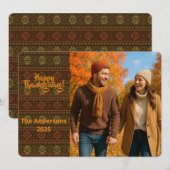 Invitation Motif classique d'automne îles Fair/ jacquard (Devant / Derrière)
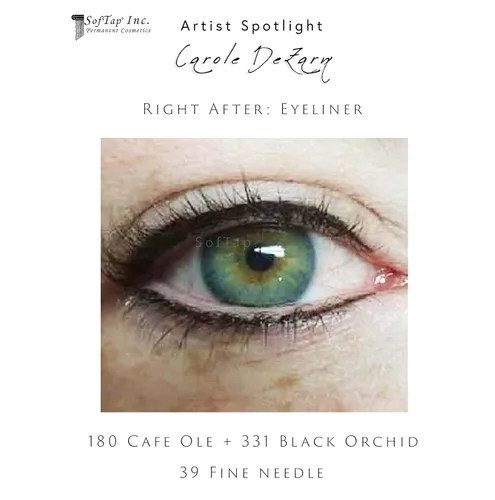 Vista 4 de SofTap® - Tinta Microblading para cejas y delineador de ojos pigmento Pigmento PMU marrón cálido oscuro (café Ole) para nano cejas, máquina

# # # #

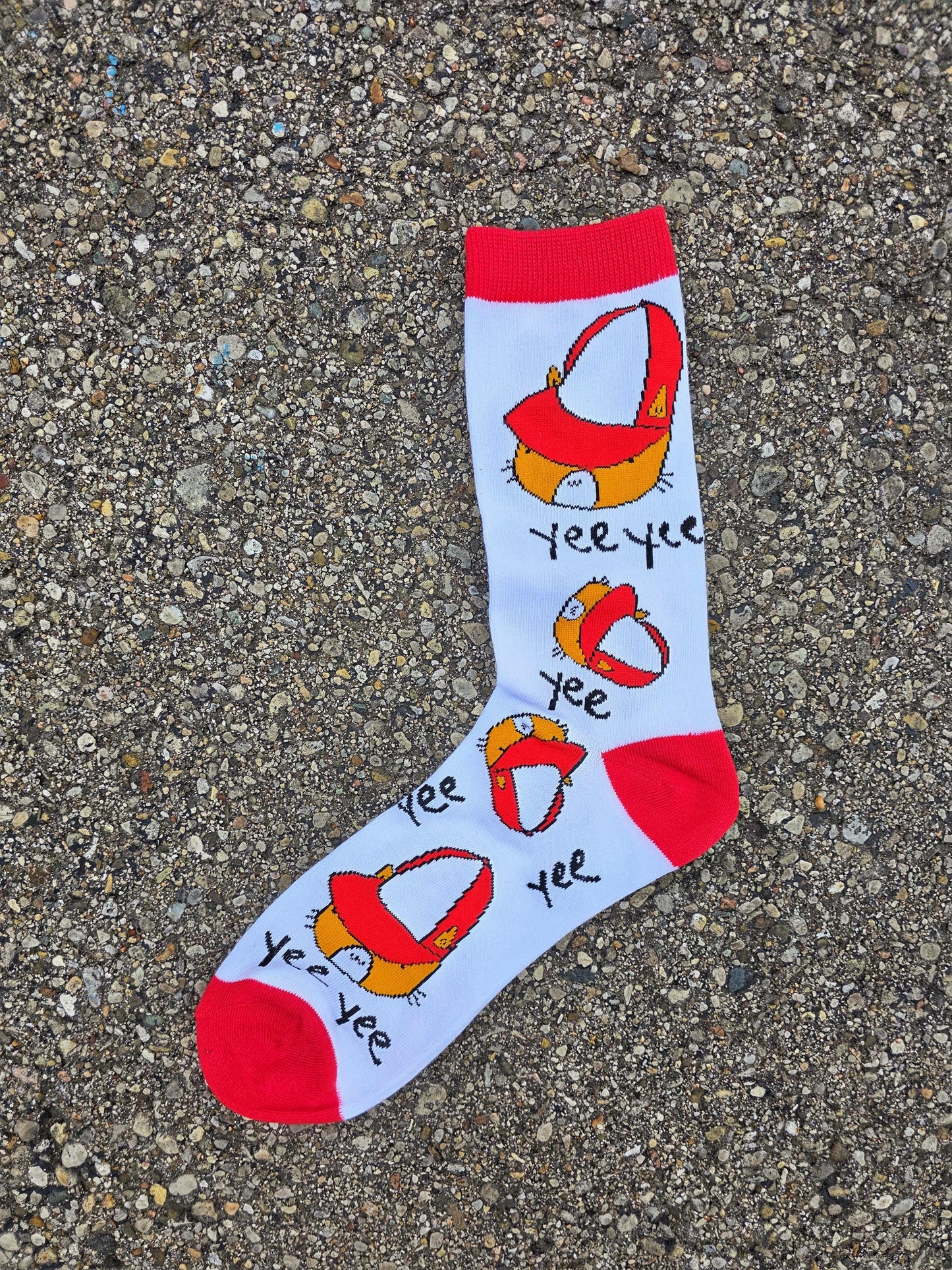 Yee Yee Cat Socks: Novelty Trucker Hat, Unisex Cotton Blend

# # # #

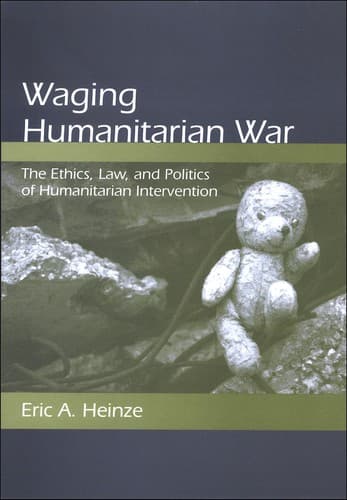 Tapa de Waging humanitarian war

# # # #

_TASK BRIEF_.
Above, find the line with "Invitation Motif classique"; copy it and every line down to the line with "Vista 4 de SofTap®", exactly and both included, but no pictures.

_SOLUTION TO THIS PROBLEM_.
 Invitation Motif classique d'automne îles Fair/ jacquard (Devant / Derrière)
 Vista 4 de SofTap® - Tinta Microblading para cejas y delineador de ojos pigmento Pigmento PMU marrón cálido oscuro (café Ole) para nano cejas, máquina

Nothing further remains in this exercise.